Obsidian’s J.E. Sawyer – project director on Fallout: New Vegas among other things – recently discussed the “challenges at the RPG industry has faced in adapting from its pen and paper roots” during a talk at GDC Europe, on which Gamasutra reports. It’s a fairly interesting talk and one that is very likely to generate some interesting debate, so here’s a rather generous snippet from the Gamasutra article:

Mechanical chaos is frustrating. RPGs often rely on random number generators, “in part because that is the only way to simulate things in a tabletop environment.” However, he said, “In some cases, where you can reload, mechanical chaos is pointless.” It also can be frustrating either way.

What you can perceive is the most important thing. Games “often focus on statistics, but we often can’t perceive the effects in games.” Small stat upgrades don’t mean anything to players at all when they can’t see the effect.

Conversely, he said he’s “implemented broken things in games but players don’t notice it,” because there’s no external statistic reflection.

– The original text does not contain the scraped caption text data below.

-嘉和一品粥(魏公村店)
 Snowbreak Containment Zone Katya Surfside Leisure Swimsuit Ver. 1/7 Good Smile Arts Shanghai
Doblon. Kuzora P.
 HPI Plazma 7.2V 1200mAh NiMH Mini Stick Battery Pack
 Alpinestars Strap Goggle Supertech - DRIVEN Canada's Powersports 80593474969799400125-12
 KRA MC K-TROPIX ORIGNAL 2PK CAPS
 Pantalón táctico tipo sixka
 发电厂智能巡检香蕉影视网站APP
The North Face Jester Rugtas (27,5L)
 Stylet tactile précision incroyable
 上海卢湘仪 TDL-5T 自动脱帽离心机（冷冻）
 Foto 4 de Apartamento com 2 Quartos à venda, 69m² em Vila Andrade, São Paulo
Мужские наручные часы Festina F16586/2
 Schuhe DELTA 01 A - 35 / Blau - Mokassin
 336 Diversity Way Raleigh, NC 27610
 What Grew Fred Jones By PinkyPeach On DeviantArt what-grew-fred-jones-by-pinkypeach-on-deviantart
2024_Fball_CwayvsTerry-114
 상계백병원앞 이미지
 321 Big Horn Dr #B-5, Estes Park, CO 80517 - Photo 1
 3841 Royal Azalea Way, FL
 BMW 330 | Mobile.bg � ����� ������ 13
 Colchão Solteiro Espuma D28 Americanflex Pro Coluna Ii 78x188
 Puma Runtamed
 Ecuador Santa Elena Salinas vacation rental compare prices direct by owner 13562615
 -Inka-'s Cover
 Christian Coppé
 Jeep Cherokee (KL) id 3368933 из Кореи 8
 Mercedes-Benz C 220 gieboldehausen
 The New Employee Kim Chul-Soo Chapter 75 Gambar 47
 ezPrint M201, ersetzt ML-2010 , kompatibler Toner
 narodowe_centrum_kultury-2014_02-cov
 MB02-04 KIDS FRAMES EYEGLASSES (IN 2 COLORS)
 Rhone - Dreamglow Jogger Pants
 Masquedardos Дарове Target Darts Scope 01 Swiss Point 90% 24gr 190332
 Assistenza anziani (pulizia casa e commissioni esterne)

Strategic failures are the biggest disappointing failures for players. When building a character or a party, “you’re making long-term decisions,” said Sawyer, “but many RPGs effectively punish you for making bad choices.”

The idea of player vs. character is a false dichotomy. Developers with a traditional tabletop background expect players to be roleplaying when they play games. However, he said, “it will be the player doing the action… ultimately games are about the players trying to accomplish a goal.” There is a definite question of “how much are we asking the player, and how much are we asking the character.”

Good gameplay is better than whatever your ideas or whatever the player’s expectations are. Simple and understandable: don’t follow genre conventions simply because they exist. Beyond that, “attempting to execute something because you think it’s a good idea or players insist it’s a good idea doesn’t always result in something good.”

(…)

3.) Strategic failures feel really bad — In an extreme example, he mentioned that The Bard’s Tale, a 1980s classic, required you to have a bard in your party to progress past a certain point — something that was not telegraphed by anything but the game’s title.

More relevantly, Icewind Dale and Temple of Elemental Evil required the player to create entire parties at the adventure’s outset. “The games were tuned for D&D veterans. There are tons of ways you can make strategic errors. There are tons of ways you can make bad parties. What happens is 20 to 30 hours into the game, you can’t go any further.”

“Yes, the player made the error but we placed a high demand on them,” Sawyer said.

In Fallout 1 and 3, specializing in “big guns” was not that useful, as there were few such weapons and they didn’t show up early in the game — neither of which the player could know at the point of character creation. “In Fallout New Vegas, we got rid of the big guns skill and pushed those guns into other gun categories.”

“We kept the idea, we wanted the experience, but we didn’t want them to have to deal with the weird system,” he said.

“I don’t see a compelling reason to not” let players re-spec characters that aren’t suited to the gameplay design in an RPG, he also added.